← Back to context

Comment by RKearney

10 years ago

I wouldn't call this obscure by any means. You'll find Ethernet flow control enabled on just about every datacenter network, especially those that have a combined network and storage fabric.

Some datacenters enable Priority Flow Control (PFC) which is different in that it pauses only the traffic with a specific PCP ( Priority in 802.1Q vlan tag ). They assign storage traffic a specific vlan priority and treat it as lossless with flow control but the rest of the traffic is unaffected.

The mechanism here Pause is an abomination which should never be enabled.

  • > Some datacenters enable Priority Flow Control (PFC) which is different in that it pauses only the traffic with a specific PCP ( Priority in 802.1Q vlan tag ). They assign storage traffic a specific vlan priority and treat it as lossless with flow control but the rest of the traffic is unaffected.

    I don't think he had his TV in a datacenter.

    From the article:

    > After some clever deductive reasoning, a.k.a randomly unplugging cables from the router, I determined that my TV was sending these mystery frames (yes, my TV — I have a Sony X805D Android TV).

    > The mechanism here Pause is an abomination which should never be enabled.

    What? You can't be serious, I think you have no idea what that would cause in almost every ethernet network. Let me tell you: a lot of packet loss that messes with TCP streams etc.

    L2 pause frames are used by practically all of the ethernet devices, and for a really good reason. Pause frames are a perfectly good way to do flow control in most networks. Not having them means a lot of lost frames and generic pain in most networks... except of course datacenters.

    Sure, it's not a standard.
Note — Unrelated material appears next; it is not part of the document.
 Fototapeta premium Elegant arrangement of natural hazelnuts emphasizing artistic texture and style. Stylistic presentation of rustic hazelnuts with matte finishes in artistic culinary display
But it's good enough for 99.9% of use cases. Just maybe not in datacenter.

it's gotta be obscure if the Chrome Windows process stops responding, don't you think? (as the article reports).

Or is that just the Chrome team following the letter and the spirit of the law? "if they want a PAUSE by God they'll get one..."

  • Chrome or other applications won't be aware of what is happening way down below at layer 2. To layer 3 (TCP) the pause is indistinguishable from severe network congestion.

    Just speculating, but the stop/start oscillation in traffic rate could cause code running in chrome, such as a video codec, to exercise parts of its re-buffering code in a way that exposes a bug.

    • mplayer does same thing on streams when other side abruptly goes away, it hangs for ~5-10 second before closing.

Is there a concern that the mechanism allows for DoS? How do they mitigate the situation that the author describes?

  • If you have standard compliant hardware, pause is point to point, not broadcast. You can configure hosts to ignore pause and also to not generate it; although it may be difficult to configure an embedded device, so you probably need to fix the switch or replace it with something that works.

  • Accidental pause frame DoS has been observed in the wild and AFAIK there's no known solution.